The answer must be the full data, restated word for word, with no pictures in it.

**Working data**.

>>>>>

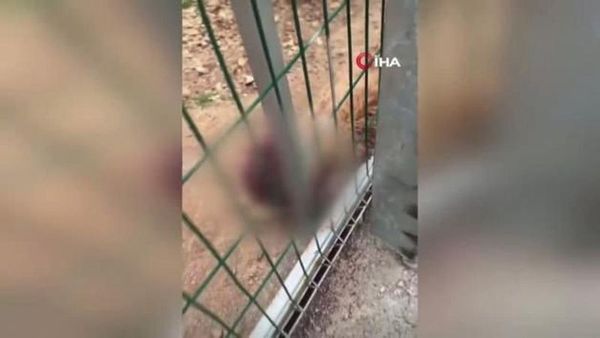 Burdur Valiliği, Bucak Barınağındaki İhmal İddialarını Araştırıyor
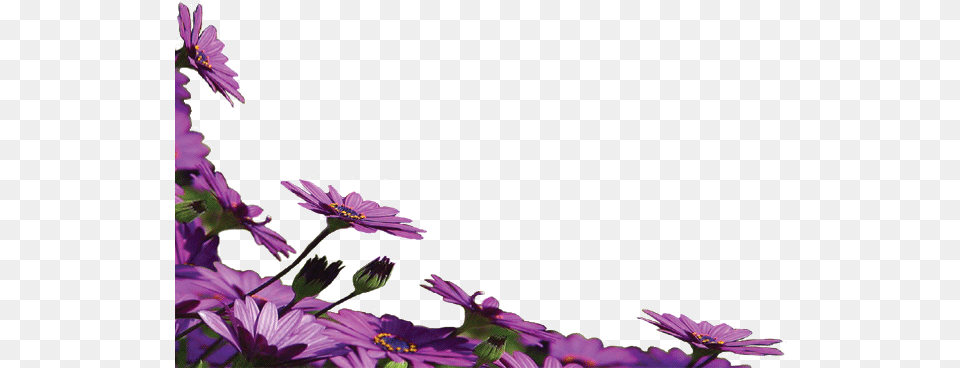 Flower Borde1r Flower Frame High Resolution, Daisy, Geranium, Petal, Plant Free Transparent Png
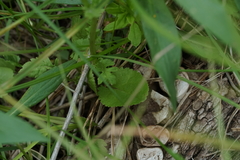 Packera pseudaurea semicordata
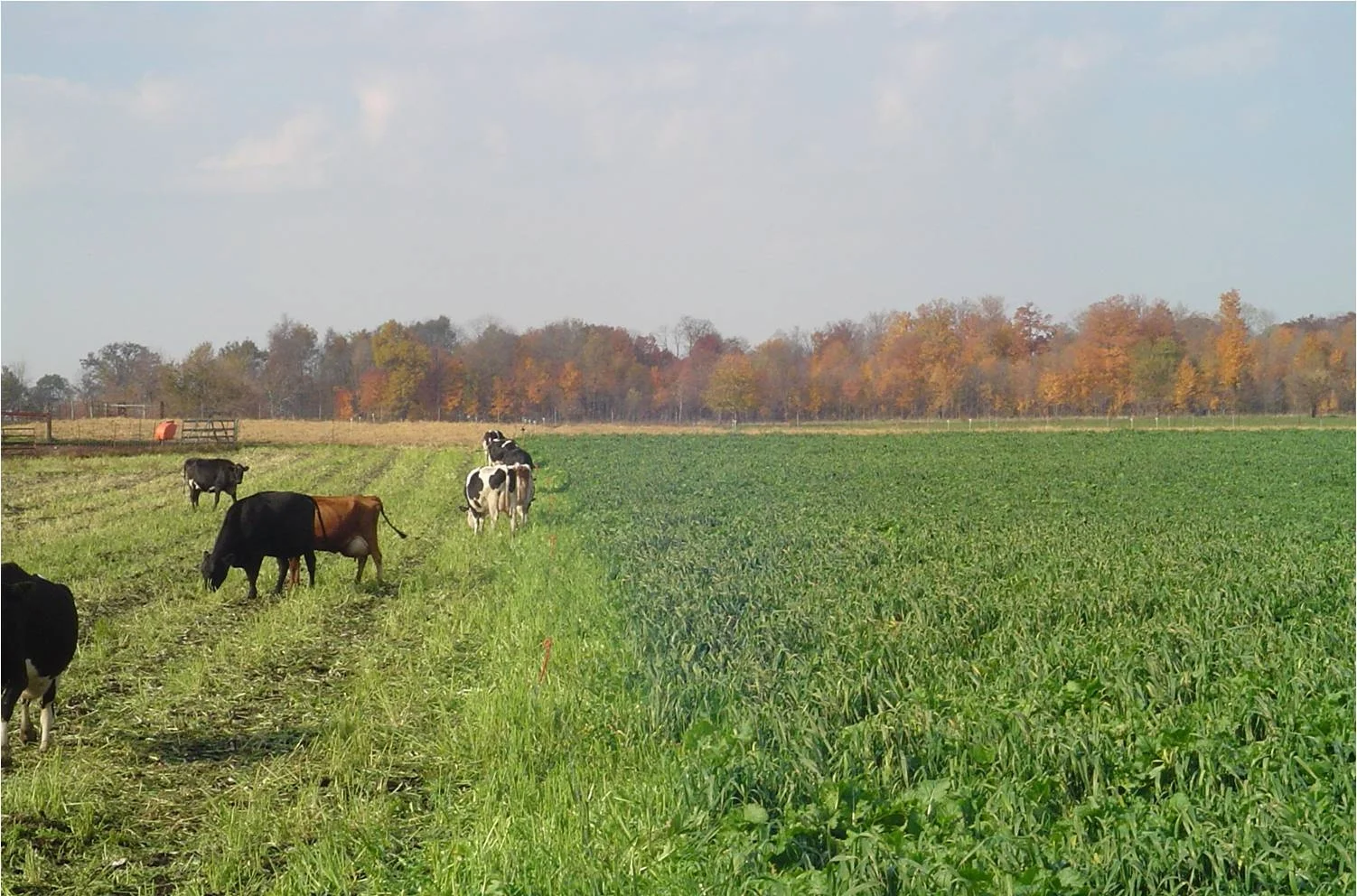 Cows grazing appin.jpg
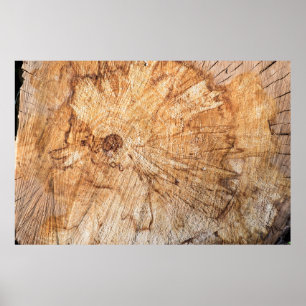 Querschnitt des Apfelbaums (Malus)abstrakt, b Poster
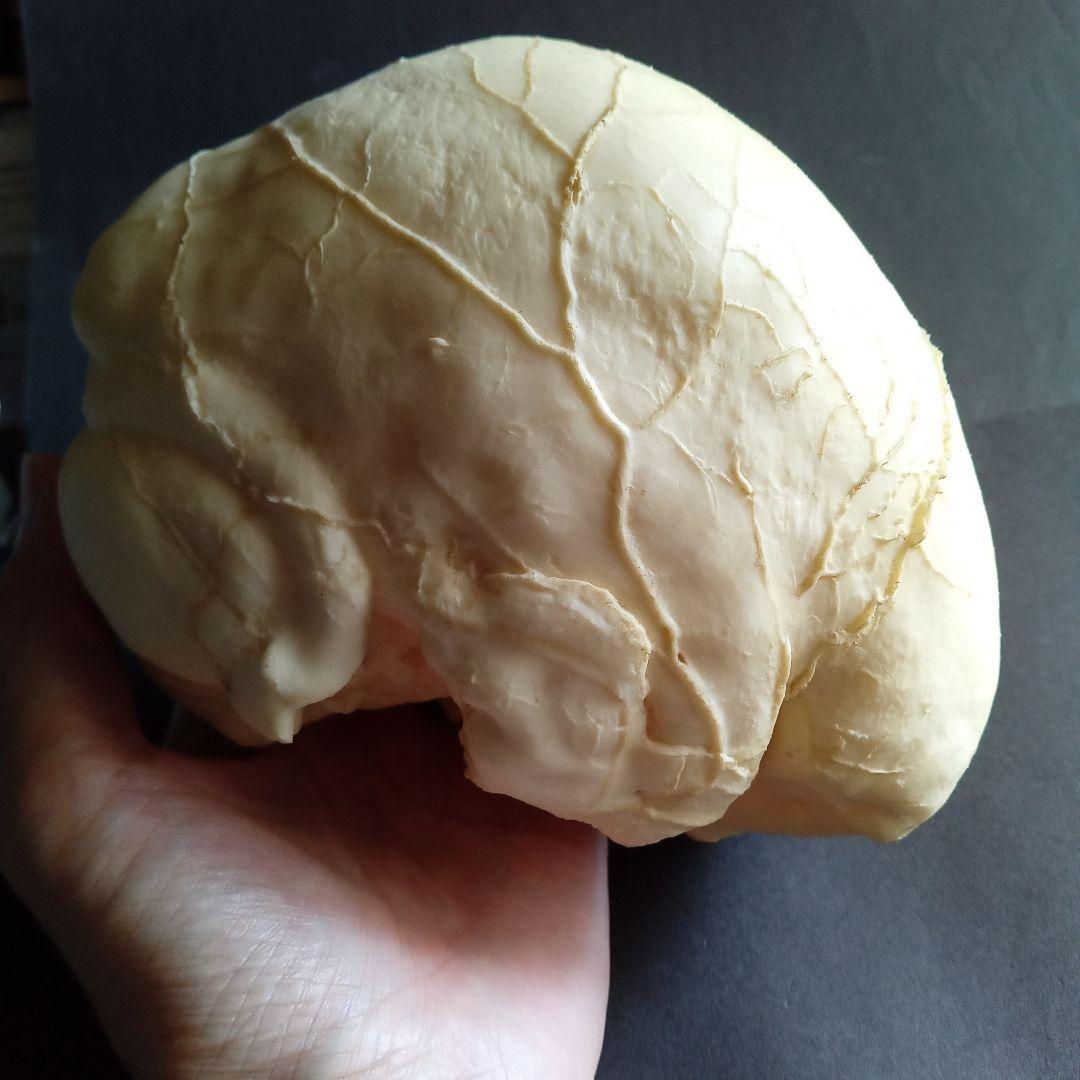 Brain　脳　Born Clones　アメリカ製　模型 Color-Coded Human Sagittal Cut Half Skull with Brain Hemisphere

<<<<<

**Response to this task**.
 Burdur Valiliği, Bucak Barınağındaki İhmal İddialarını Araştırıyor
 Flower Borde1r Flower Frame High Resolution, Daisy, Geranium, Petal, Plant Free Transparent Png
 Packera pseudaurea semicordata
 Cows grazing appin.jpg
 Querschnitt des Apfelbaums (Malus)abstrakt, b Poster
 Brain　脳　Born Clones　アメリカ製　模型 Color-Coded Human Sagittal Cut Half Skull with Brain Hemisphere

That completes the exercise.